With pictures left out, only the lines from the one containing "TRUE Self-Pulling Corkscrew" through the end of the records should be reproduced exactly, please.

**Working data:**
■ ■ ■ ■
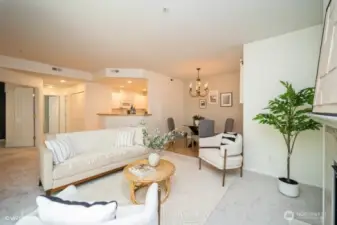 The open layout seamlessly connects the kitchen to the dining and living room, making it perfect for entertaining. The space feels spacious and inviting, with plenty of natural light streaming in.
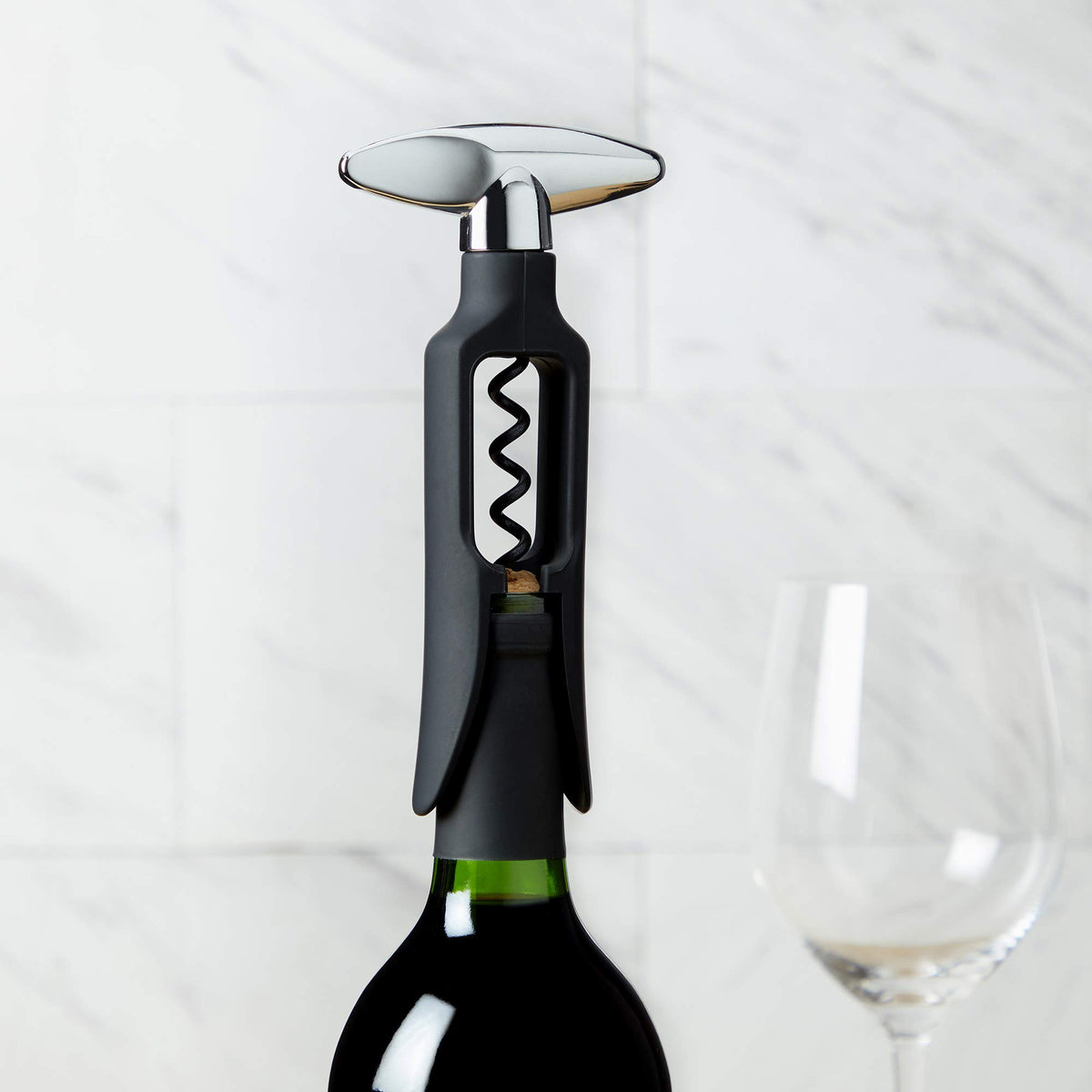 TRUE Self-Pulling Corkscrew in use at a home bar for easy service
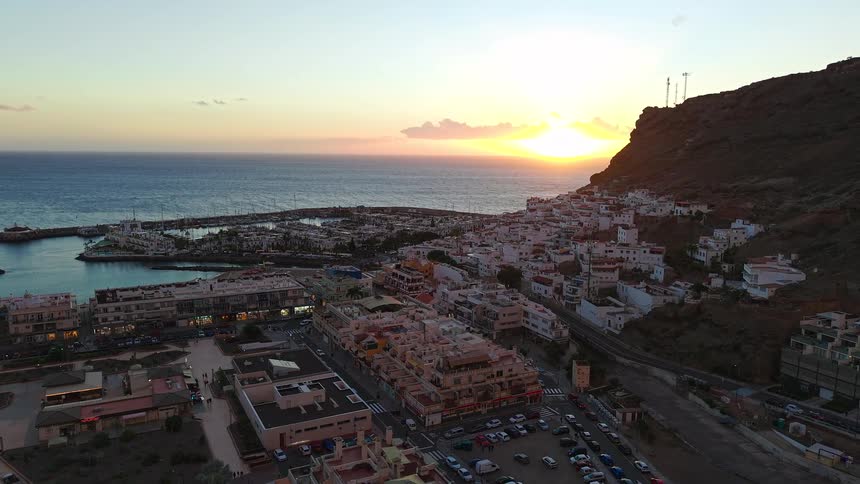 An aerial drone shot captures a coastal town at dusk showing white buildings clustered on a hillside next to a harbour while the sun sets over the ocean horizon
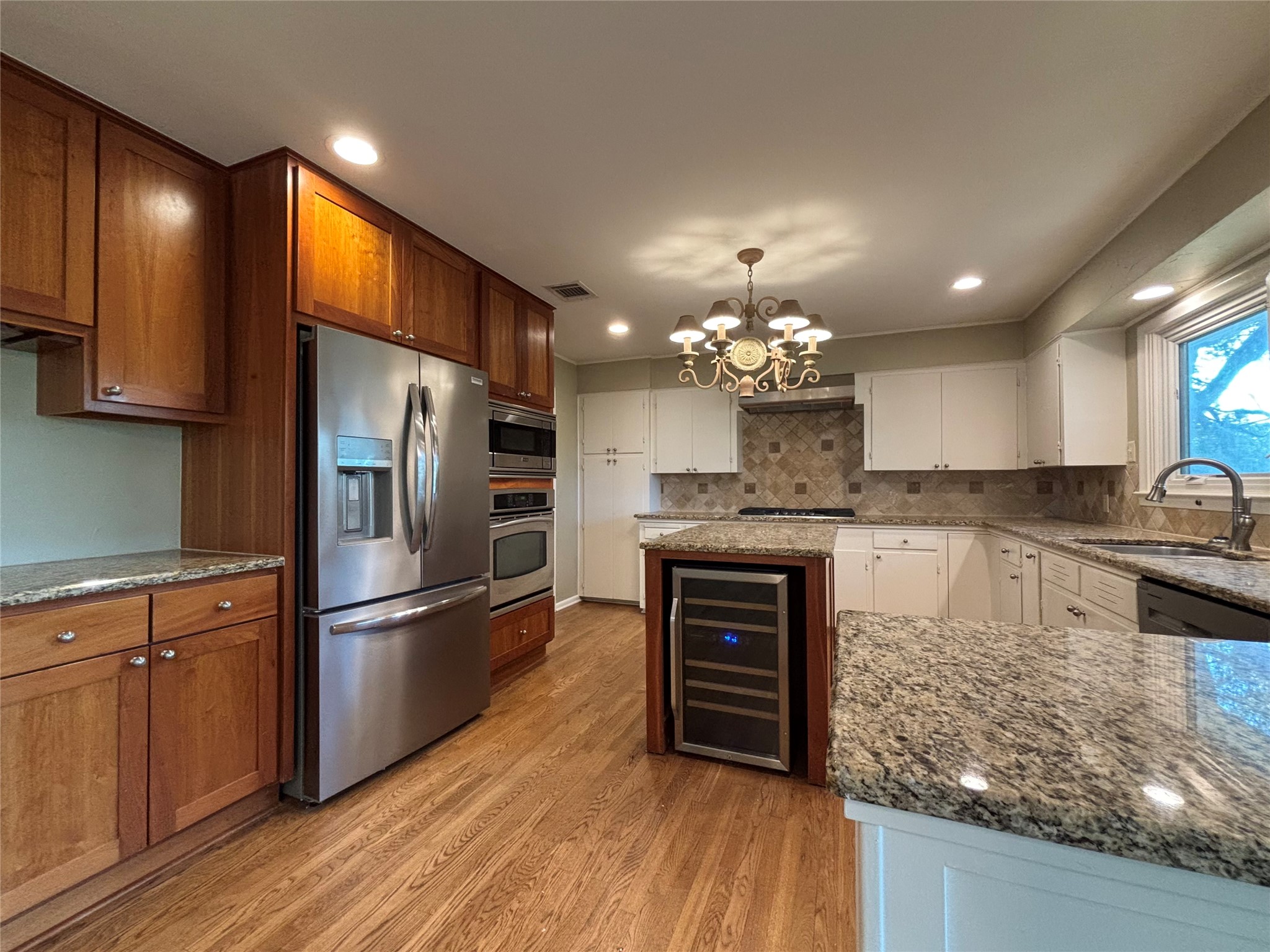 3509 River Road Austin, TX 78703 - Photo 5 of 40 Spacious, bright kitchen. Island with wine fridge. Gas cooktop. Built in microwave & oven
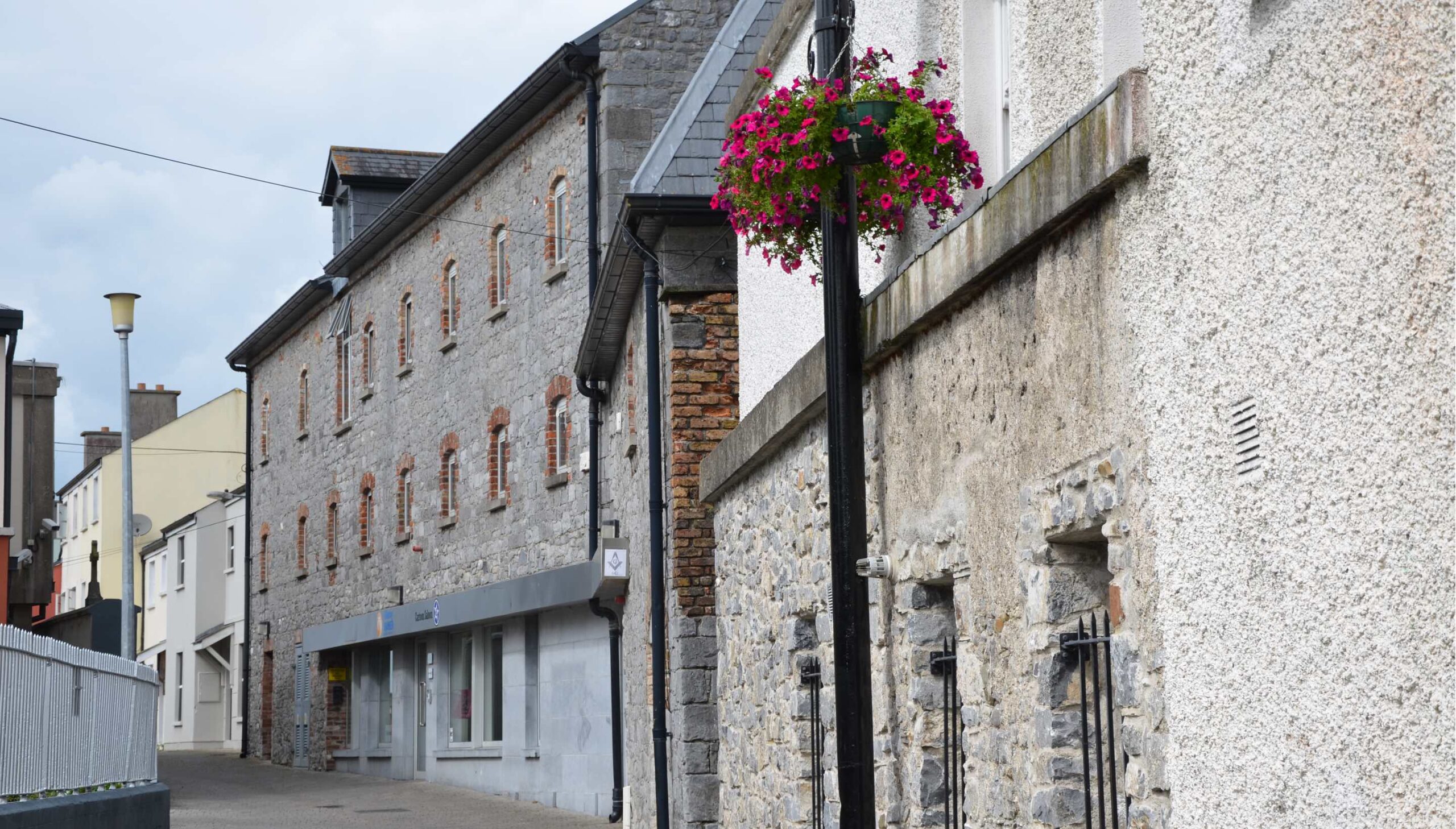 Kilkenny street scene with flowers on pole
■ ■ ■ ■
**Solved problem:**
 TRUE Self-Pulling Corkscrew in use at a home bar for easy service
 An aerial drone shot captures a coastal town at dusk showing white buildings clustered on a hillside next to a harbour while the sun sets over the ocean horizon
 3509 River Road Austin, TX 78703 - Photo 5 of 40 Spacious, bright kitchen. Island with wine fridge. Gas cooktop. Built in microwave & oven
 Kilkenny street scene with flowers on pole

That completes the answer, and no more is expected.